Yes. While the 48 hour notice requirement applies to the service animal user for flights more than 8 hours, it applies to ESAs for every flight. So even for short flights, you should have documentation that the animal will not need to relieve itself on the flight or that it can do so in a way that does not create a health or sanitation issue on the flight.
I need my puppy. Can a puppy be an ESA that is allowed on air carriers?
No. According to the Department of Transportation, while there is no age prohibition in the Air Carrier Access Act, or its regulation, any assistance animal must be sufficiently trained to behave in public, and if they are four months old, they would not be able to behave.

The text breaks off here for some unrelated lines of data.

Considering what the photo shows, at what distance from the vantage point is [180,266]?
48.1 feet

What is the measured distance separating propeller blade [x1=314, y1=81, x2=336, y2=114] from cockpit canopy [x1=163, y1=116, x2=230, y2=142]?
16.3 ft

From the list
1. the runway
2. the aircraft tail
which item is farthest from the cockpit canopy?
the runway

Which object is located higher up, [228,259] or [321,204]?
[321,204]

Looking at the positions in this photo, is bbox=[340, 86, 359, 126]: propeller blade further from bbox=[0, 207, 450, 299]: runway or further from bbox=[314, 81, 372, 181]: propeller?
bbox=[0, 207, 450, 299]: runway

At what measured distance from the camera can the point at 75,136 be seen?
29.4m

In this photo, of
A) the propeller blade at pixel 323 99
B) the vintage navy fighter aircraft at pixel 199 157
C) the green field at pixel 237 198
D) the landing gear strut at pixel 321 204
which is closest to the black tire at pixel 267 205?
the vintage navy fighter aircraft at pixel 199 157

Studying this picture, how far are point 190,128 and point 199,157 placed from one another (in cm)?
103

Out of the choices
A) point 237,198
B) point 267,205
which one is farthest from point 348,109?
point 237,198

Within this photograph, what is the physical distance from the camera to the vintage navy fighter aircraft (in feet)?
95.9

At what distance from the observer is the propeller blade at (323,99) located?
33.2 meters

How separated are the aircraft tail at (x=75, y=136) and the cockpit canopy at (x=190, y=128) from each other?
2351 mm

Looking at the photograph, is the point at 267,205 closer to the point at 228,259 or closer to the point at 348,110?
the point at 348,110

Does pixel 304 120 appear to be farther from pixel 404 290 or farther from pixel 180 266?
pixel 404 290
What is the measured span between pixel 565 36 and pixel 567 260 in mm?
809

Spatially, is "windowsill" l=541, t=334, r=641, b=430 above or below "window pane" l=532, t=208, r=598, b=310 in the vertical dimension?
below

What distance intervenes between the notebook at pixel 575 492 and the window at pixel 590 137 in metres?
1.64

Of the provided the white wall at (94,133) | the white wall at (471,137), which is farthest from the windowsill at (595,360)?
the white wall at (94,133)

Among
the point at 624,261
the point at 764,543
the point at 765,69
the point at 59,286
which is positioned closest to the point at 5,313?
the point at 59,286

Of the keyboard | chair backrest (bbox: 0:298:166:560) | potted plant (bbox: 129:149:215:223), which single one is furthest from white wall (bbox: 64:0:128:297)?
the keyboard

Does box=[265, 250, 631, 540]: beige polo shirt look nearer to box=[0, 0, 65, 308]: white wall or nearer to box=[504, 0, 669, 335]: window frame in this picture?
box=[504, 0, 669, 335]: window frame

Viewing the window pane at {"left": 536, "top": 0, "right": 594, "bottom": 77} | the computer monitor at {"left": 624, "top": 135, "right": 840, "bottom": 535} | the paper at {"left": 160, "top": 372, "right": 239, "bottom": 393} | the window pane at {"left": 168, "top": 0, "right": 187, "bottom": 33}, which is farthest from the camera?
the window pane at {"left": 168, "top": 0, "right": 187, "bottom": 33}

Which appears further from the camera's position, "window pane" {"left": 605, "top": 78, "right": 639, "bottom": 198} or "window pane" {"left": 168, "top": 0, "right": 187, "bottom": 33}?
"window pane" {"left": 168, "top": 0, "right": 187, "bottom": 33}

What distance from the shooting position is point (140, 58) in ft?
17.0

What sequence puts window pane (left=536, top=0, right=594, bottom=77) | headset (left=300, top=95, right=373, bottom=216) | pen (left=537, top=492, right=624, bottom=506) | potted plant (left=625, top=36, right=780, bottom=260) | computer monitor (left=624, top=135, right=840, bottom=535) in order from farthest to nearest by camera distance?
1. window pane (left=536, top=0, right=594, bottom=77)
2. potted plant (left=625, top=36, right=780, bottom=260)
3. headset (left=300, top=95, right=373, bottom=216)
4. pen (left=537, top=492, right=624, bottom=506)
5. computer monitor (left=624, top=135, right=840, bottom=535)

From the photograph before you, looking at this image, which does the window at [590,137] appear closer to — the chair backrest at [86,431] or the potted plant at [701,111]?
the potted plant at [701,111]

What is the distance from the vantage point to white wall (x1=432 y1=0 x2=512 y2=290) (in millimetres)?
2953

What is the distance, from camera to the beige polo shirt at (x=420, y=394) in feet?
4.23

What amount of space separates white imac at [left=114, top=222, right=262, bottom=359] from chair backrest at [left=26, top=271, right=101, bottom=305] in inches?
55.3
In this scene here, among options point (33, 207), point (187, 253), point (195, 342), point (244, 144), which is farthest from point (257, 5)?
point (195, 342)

What happens if my rights are violated?
If you believe your rights are violated, ask for the Complaint Resolution Official (CRO) for the airline. A CRO should be available at each airport you serve during all times you are operating at that airport. If there is still an issue or problem, you can complain to the Department of Transportation through their website at https://www.transportation.gov/airconsumer/complaints-alleging-discriminatory-treatment-against-disabled-travelers. However, the remedies under the Air Carrier Access Act are very narrow, and in their guidance, the Department of Transportation stated, “Our enforcement efforts will be focused on clear violations of the current rule that have the potential to impact adversely the largest number of persons.” Accordingly, if it is not an unlawful official rule of an air carrier, it is unlikely that there will be any enforcement.